Eleazar ben Shammua or Eleazar I (Hebrew: אלעזר בן שמוע) was a rabbi of the 2nd century (4th generation of tannaim), frequently cited in rabbinic writings as simply Rabbi Eleazar (Bavli) or Rabbi Lazar רִבִּי לָֽעְזָר (Yerushalmi). He was of priestly descent and rich, and acquired great fame as a teacher of traditional law.

== Biography ==
Eleazar ben Shammua was a student of Rabbi Akiva, but was not ordained by him due to the Hadrianic persecution. After Akiva's death, however, Judah ben Bava ordained Eleazar, together with Rabbi Meir, Jose ben Halafta, Judah bar Ilai, and Shimon bar Yochai, at a secluded spot between Usha and Shefa-Amr. The ordainer was detected in the act and brutally slain, but the ordained escaped, and eventually became the custodians and disseminators of Jewish tradition.

Mention is made of a controversy between Eleazar and Rabbi Meir at Ardiska. He also maintained halakhic discussions with Judah bar Ilai and Jose ben Halafta, and quite frequently with Shimon bar Yoḥai; but he never appeared with them at the sessions of the Sanhedrin at Usha. Hence it may be assumed that he did not return to the scene of his ordination. Wherever he settled, he presided over an academy to which many students were attracted, including Joseph or Issi ha-Babli and Judah ha-Nasi. Thus, while his name does not appear in rabbinic lore as often as the names of his colleagues at the ordination, Eleazar had a significant influence on the development of the Talmud.

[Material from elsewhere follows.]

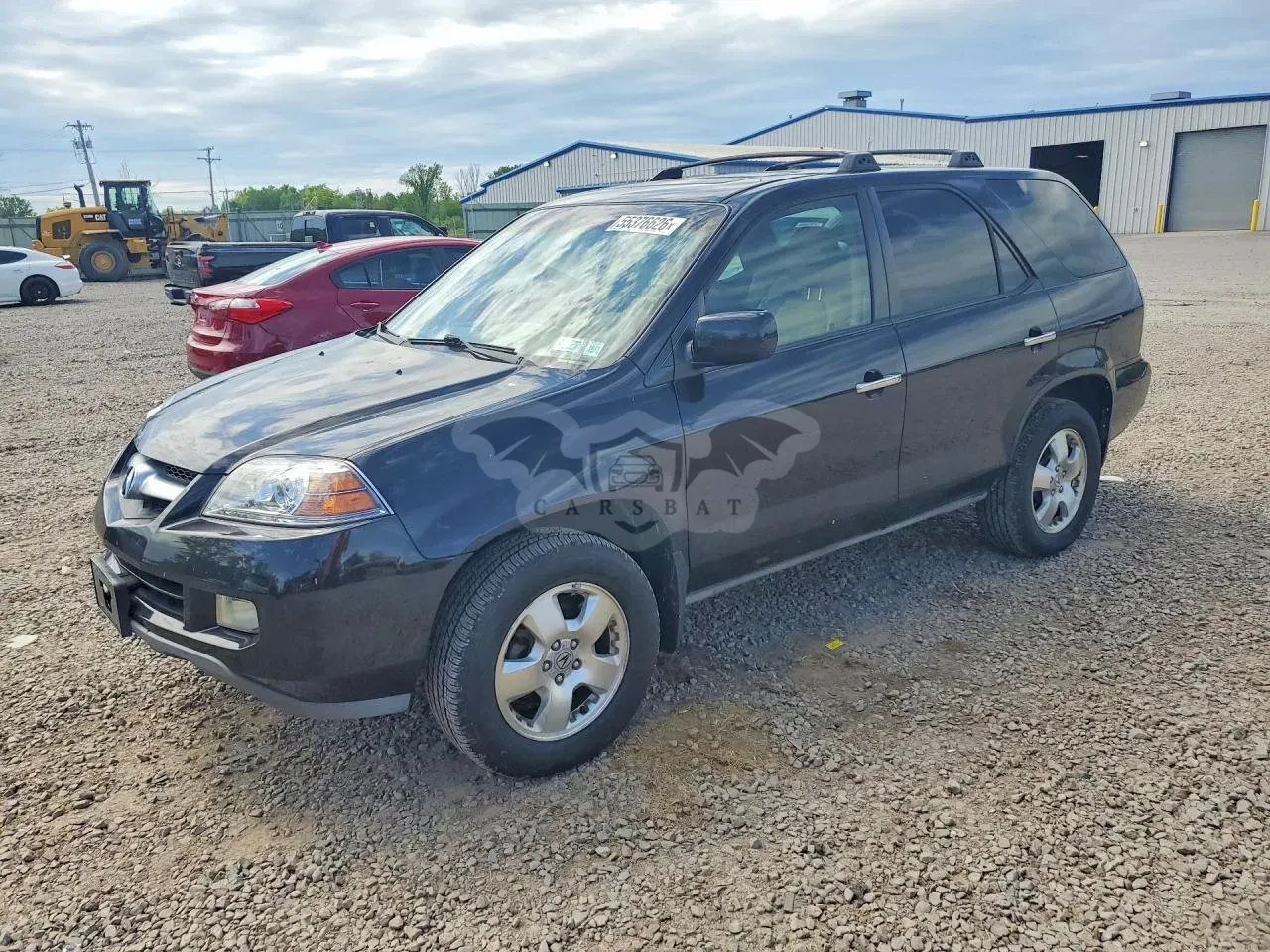 Acura MDX 3.5L 6 2006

Abba Arikha styles him "the most excellent among the sages", and Johanan bar Nappaha expresses unbounded admiration for his large-heartedness.

===His nickname===

The following story concerning Eleazar is twice told in the Midrashim: R. Eleazar visited a certain place where he was invited to lead the people in prayer, but he said he was unable to do so. "What!" cried the astonished people; "is this the celebrated R. Eleazar? Surely he deserves not to be called 'Rabbi'!" Eleazar's face colored with shame, and he returned to his teacher Rabbi Akiva. "Why are you so crestfallen?" inquired Akiva; whereupon Eleazar related his unpleasant experience. "Does my master wish to learn?" asked Akiva; and, on receiving Eleazar's affirmative answer, Akiva instructed him. Later, Eleazar again visited the scene of his embarrassment, and the people again requested that he lead them in prayer. This time he readily complied with their request, whereupon the people remarked, "R. Eleazar has become unmuzzled" (איטחסם, from חסם = "to muzzle"), and they called him "Eleazar Hasma".

The protagonist of this story is Eleazar ben Shammua, and not (as is often assumed) Eleazar Ḥisma. The latter was never Akiva's pupil. Indeed, he was Akiva's senior, and in the account of a halakhic discussion between him and Eleazar ben Azariah and Akiva, his name precedes that of Akiva. In contrast, Eleazar ben Shammua was an acknowledged disciple of Akiva, and the Midrashim explicitly state that he "went to Akiva, his teacher."

== Teachings ==
His disciples once requested that he tell them how he merited unusual longevity, when he replied, "I have never converted the Synagogue into a passageway [for the sake of convenience]; have never trodden over the heads of the holy people [i.e., come late to college and stepped between the rows of attentive students; compare Abdan], and have never pronounced the priestly blessing before offering the benediction preceding it." When asked what merits will save man from the tribulations which are to precede the Messianic epoch, he replied, "Let him engage in the study of the Law and in deeds of benevolence." According to Eleazar, children as well as pious adults share in the glory of God. He also taught that the world rests on a single pillar, the name of which is Righteousness, as the Bible says, "The righteous is the foundation of the world".

===Quotes===

- "Let the honor of your student be as dear to you as that of your colleague; that of your colleague, as the reverence of your master; and the reverence of your master, as that of the Most High."

- Even a fox, if it is his hour, bow down before him!